Курносый и смуглолицый паренек, быстро скользнув глазами по лицу Давыдова, вопрошающе улыбнулся:
– Ты не Давыдов, товарищ?
– Давыдов.
– Я тебя угадал. Недели две назад встречались мы с тобой в окружкоме. Я в округе работаю, на маслозаводе, прессовщиком.
И только тут Давыдов понял, почему, когда подошел к ним парень, вдруг пахуче и сладко дохнуло от него подсолнечным маслом: его промасленная кожаная куртка была насквозь пропитана этим невыветривающимся вкусным запахом.
Глава XXII
На сельсоветском крыльце, спиной к подходившему Давыдову, стоял приземистый человек в черной, низко срезанной кубанке с белым перекрестом по верху и в черном дубленом сборчатом полушубке. Плечи человека в кубанке были необъятно широки, редкостно просторная спина заслоняла всю дверь вместе с притолоками. Он стоял, раскорячив куцые, сильные ноги, низкорослый и могучий, как степной вяз. Сапоги с широченными морщеными голенищами и сбитыми на сторону каблуками, казалось, вросли в настил крыльца, вдавили его тяжестью медвежковатого тела.

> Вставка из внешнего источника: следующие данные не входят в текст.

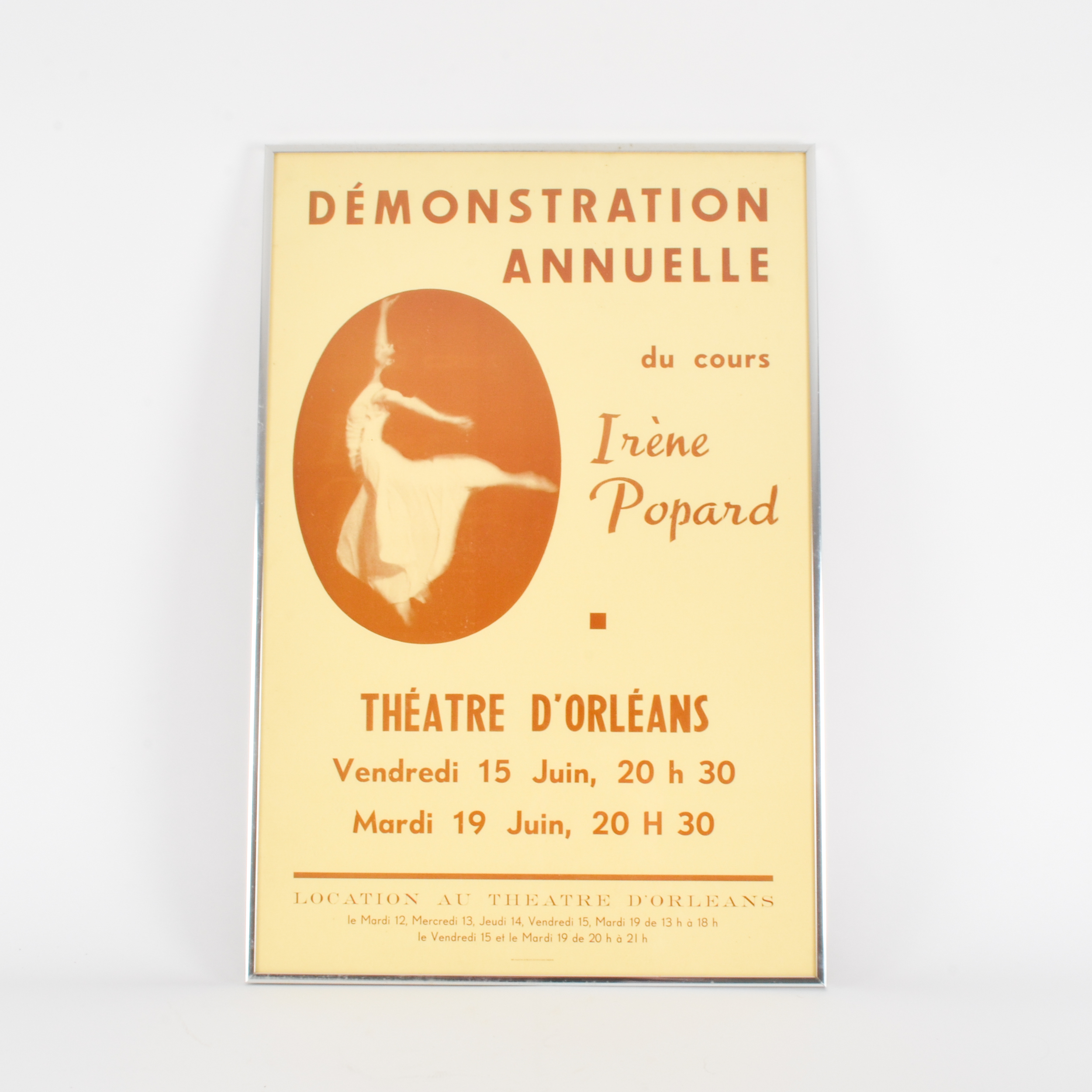 1917 French Poster Advertising Irene Popard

– Это командир нашей агитколонны, товарищ Кондратько, – сказал паренек, шедший рядом с Давыдовым. И, заметив улыбку на его губах, шепнул: – Мы его между собой в шутку зовем «батько Квадратько»… Он – с Луганского паровозостроительного. Токарь. По возрасту – папаша, а так – парень хоть куда!

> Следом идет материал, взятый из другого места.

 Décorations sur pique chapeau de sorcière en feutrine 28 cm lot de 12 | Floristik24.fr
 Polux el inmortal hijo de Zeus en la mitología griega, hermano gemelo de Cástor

В этот момент Кондратько, заслышав разговор, повернулся багровым лицом к Давыдову, под висячими бурыми усами его в улыбке бело вспыхнули зубы:
– Оце, мабуть, и радянська власть? Здоровеньки булы, братки!
– Здравствуйте, товарищ. Я – председатель колхоза, а это – секретарь партячейки.
– Добре! Ходимте у хату, а то вже мои хлопцы заждались. Як я у цей агитколонни голова, то я з вами зараз и побалакаю. Зовуть мене Кондратько, а коли мои хлопци будут казать вам, що зовуть мене Квадратько, то вы им, пожалуйста, не давайте виры, бо они у мене таки скаженни та дурны, шо и слов нема… – говорил он громовитым басом, боком протискиваясь в дверь.
Осип Кондратько работал на юге России более двадцати лет. Сначала в Таганроге, потом в Ростове-на-Дону, в Мариуполе и, наконец, в Луганске, откуда и пошел в Красную гвардию, чтобы подпереть своим широким плечом молодую Советскую власть. За годы общения с русскими он утратил чистоту родной украинской речи, но по облику, по нависшим шевченковским усам в нем еще можно было узнать украинца. Вместе с донецкими шахтерами, с Ворошиловым шел он в 1918 году сквозь полыхавшие контрреволюционными восстаниями казачьи хутора на Царицын… И уже после, когда в разговоре касались отлетевших в прошлое годов Гражданской войны, чей отзвук неумираемо живет в сердцах и памяти ее участников, Кондратько с тихой гордостью говорил: «Наш Клементий, луганський… Як же, колысь булы добре знакомы, та, мабуть, ще побачимось. Вин мене зразу взнае! Пид Царицыном, як воювалы з билыми, вин зо мной стике разив шутковав: „Ну як, каже, Кондратько, дило? Ты ще живый, старый вовк?“ – „Живый, кажу, Клементий Охримыч, николы зараз помырать, бачите як з контрой рубаемось? Як скаженни!“ Колы б побачилысь, вин бы мене и зараз пригорнув», – уверенно заканчивал Кондратько.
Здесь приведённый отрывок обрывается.